If a line holds an image, leave the image out; write out everything else in the records exactly.

═══ Study material ═══

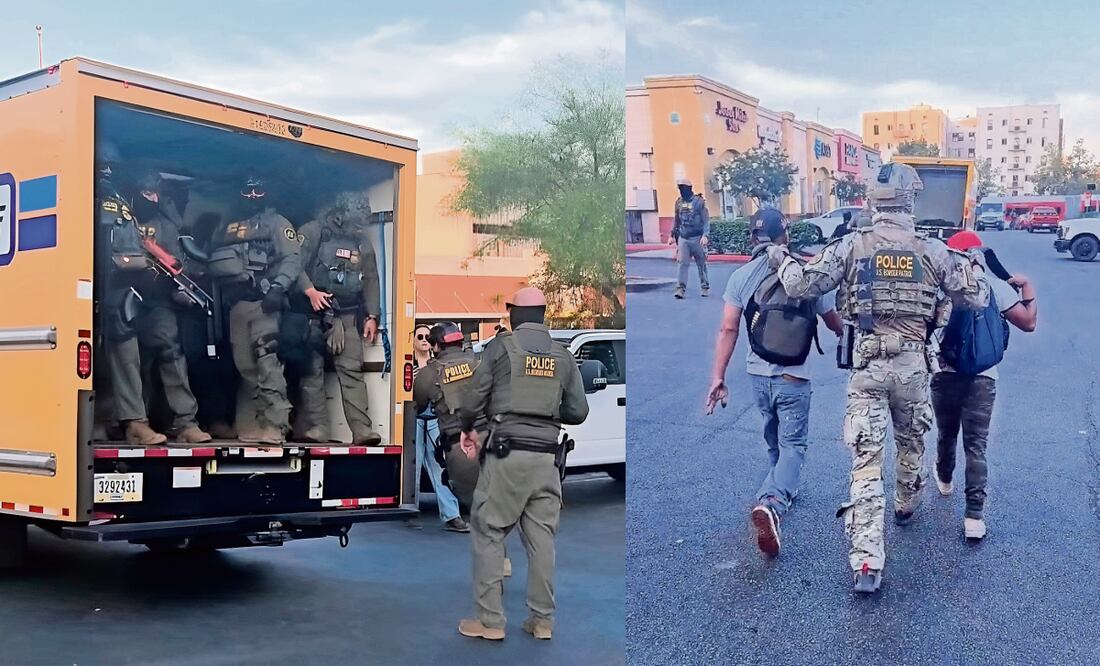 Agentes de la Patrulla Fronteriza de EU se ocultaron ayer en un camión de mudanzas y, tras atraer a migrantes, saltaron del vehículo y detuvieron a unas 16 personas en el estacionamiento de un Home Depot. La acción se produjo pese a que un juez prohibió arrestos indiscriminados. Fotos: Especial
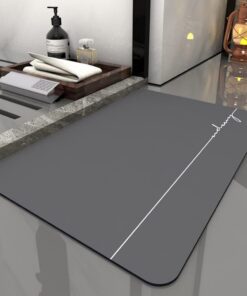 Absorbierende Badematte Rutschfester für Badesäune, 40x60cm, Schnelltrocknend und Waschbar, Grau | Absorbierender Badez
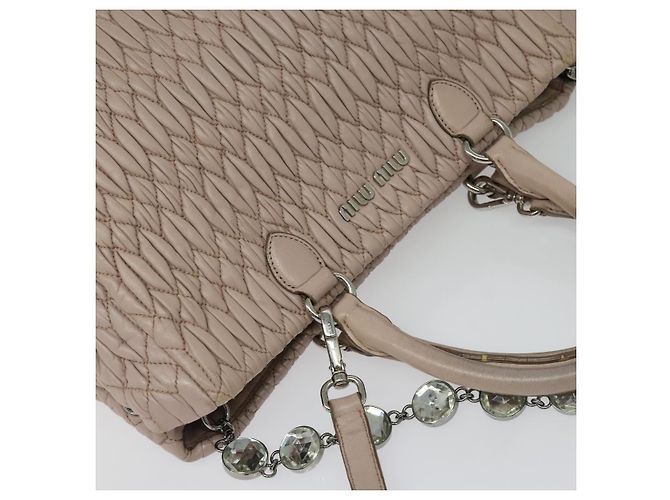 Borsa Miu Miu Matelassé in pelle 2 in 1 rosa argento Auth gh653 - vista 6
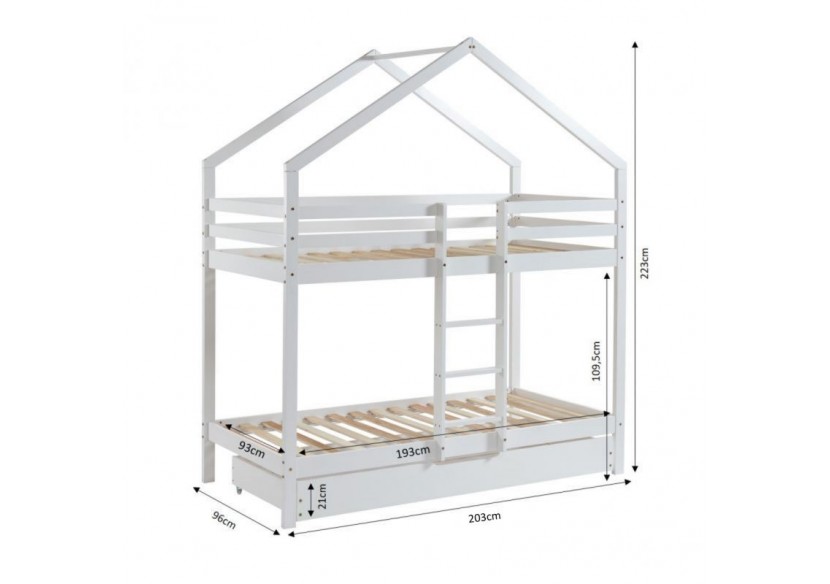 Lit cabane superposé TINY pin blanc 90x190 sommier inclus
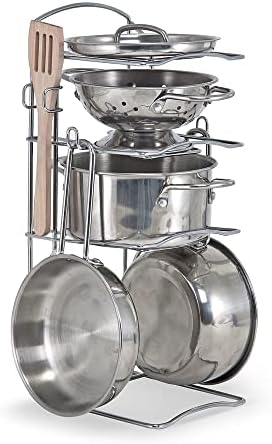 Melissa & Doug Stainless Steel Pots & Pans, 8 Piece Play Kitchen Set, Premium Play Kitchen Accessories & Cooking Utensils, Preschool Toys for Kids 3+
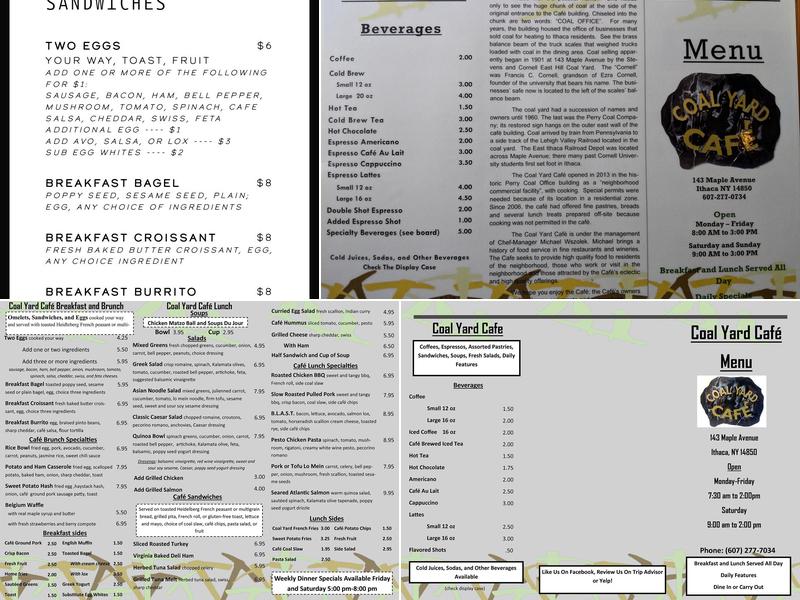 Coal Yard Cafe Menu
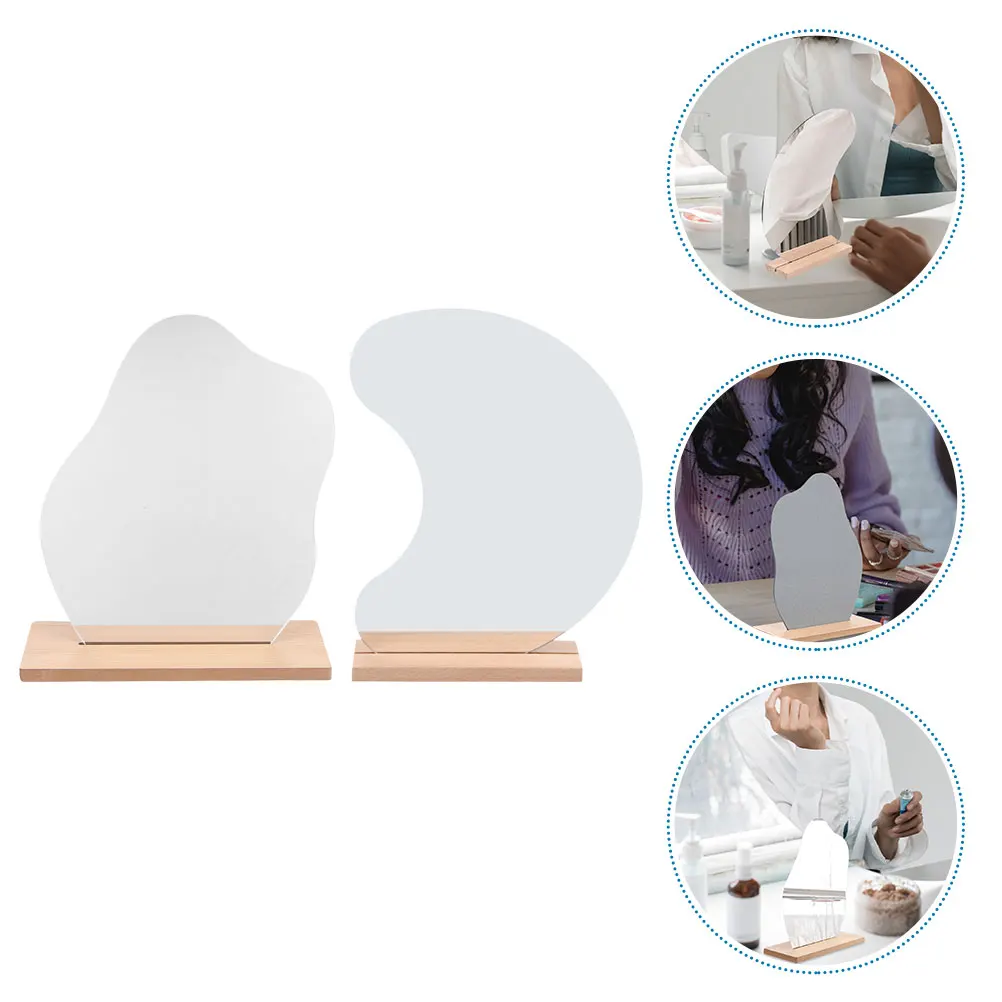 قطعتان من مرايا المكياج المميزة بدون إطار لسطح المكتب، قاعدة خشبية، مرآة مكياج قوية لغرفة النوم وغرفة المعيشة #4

═══

Response:
 Agentes de la Patrulla Fronteriza de EU se ocultaron ayer en un camión de mudanzas y, tras atraer a migrantes, saltaron del vehículo y detuvieron a unas 16 personas en el estacionamiento de un Home Depot. La acción se produjo pese a que un juez prohibió arrestos indiscriminados. Fotos: Especial
 Absorbierende Badematte Rutschfester für Badesäune, 40x60cm, Schnelltrocknend und Waschbar, Grau | Absorbierender Badez
 Borsa Miu Miu Matelassé in pelle 2 in 1 rosa argento Auth gh653 - vista 6
 Lit cabane superposé TINY pin blanc 90x190 sommier inclus
 Melissa & Doug Stainless Steel Pots & Pans, 8 Piece Play Kitchen Set, Premium Play Kitchen Accessories & Cooking Utensils, Preschool Toys for Kids 3+
 Coal Yard Cafe Menu
 قطعتان من مرايا المكياج المميزة بدون إطار لسطح المكتب، قاعدة خشبية، مرآة مكياج قوية لغرفة النوم وغرفة المعيشة #4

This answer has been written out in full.